Vancouver, BC has been hard at work improving its bicycling infrastructure to encourage more bicyclists. Their efforts have included completing the Carrall Street Greenway, a short trail that connects False Creek with Burrard Inlet. At first I thought this seemed like a rather minor accomplishment. Then I realized that it completed the loop created by the Seaside Greenway that encircles much of downtown and includes Stanley Park’s famous seawall trail. Then I looked at the city’s website only to discover a fantastic web of Greenways built, under construction, or planned across the city of Vancouver. When completed there will be sixteen routes totaling eighty-seven miles, many of which would be classified as Class I bike paths in Thurston County. 

I love the fact that Thurston County has the Chehalis Western, Woodland, and Yelm-Tenino trails but I don’t understand why there aren’t plans for more greenways other than the Gate-Belmore Trail, especially considering how much more affordable bicycle trails are than building new roads. But really, the most important greenways are those that connect the urban areas. We need to have Olympia, Lacey, and Tumwater connected in a much more bike-friendly manner. Thank god we have the wonderful bicycling map we have. 

Another advantage that Vancouverites have that we don’t down here in Thurston County are those new-fangled cyclist signal buttons at busy intersections. How nice would it be for novice riders not to feel like they have to play chicken with the rest of traffic because the traffic signals are too archaic to detect their chosen mode of transportation? “All you Suburbans, Hummers, and Priuses! STOP! It is my turn to make my way safely through this intersection!” I would love to feel like I had the power of the law on my side to let me pass through a busy intersection. Of course this requires us to assume that no one has any intention of building a safe and serene greenway nearby.

In 2005 the city of Vancouver set for itself the lofty goal of having 10% of its citizenry commuting by bicycle in 2010. With a year to go, they only have 3.7% of the city commuting by bicycle. But this makes me wonder how many people are commuting on foot. With all those skinny condo towers in downtown Vancouver I would think they would have a decently high percentage of the town walking to work, but I’m probably mistaken. That said, in four neighborhoods (Point Grey, Kitsilano, South Cambie, and Grandview-Woodlands) 11% of their residents are currently commuting to work by bicycle, so that’s pretty cool. As of 2005 just 2.1% of Thurston County commuted to work by bicycle while 1.9% commuted on foot. I pray that those numbers have risen in the last three years, because that’s pitiful, especially when only 4.0% took the bus. 

Interestingly, during Vancouver’s Bike to Work Week last year 3% of the participants had 60 kilometer (37 mile) roundtrip commutes. What would that mean in Thurston County?
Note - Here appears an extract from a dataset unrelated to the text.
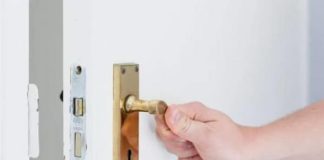 Đóng kín cửa, bật điều hòa: Thói quen sai lầm rất nhiều người đang mắc phải, tưởng có lợi nhưng cực hại sức khỏe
That would mean commuting from Bucoda to the State Capital (37.4 miles, roundtrip), Yelm to the State Capital (31 miles, roundtrip), or Rainier to Rochester (41.2 miles, roundtrip). What a wild world we would live in if people were making those commutes here. But then, maybe they are and I just don’t have the relevant information. 

The last thing I want to mention is the last thing they mentioned in the article: there is safety in numbers! The more people ride, the more people will ride. I suppose that was an ideal of Critical Mass, once upon a time. If more than 2.1% of Thurston County would get out on a bicycle to commute, people would stop looking at it as a fringe/hippie habit. People wouldn’t have to be afraid of riding alone, in isolation. They could feel that communal spirit of participating in something. Sadly, this must be why they all hop behind the wheel: there are so many other people doing it, they get to participate in that great community of commuters, but in a most destructive manner.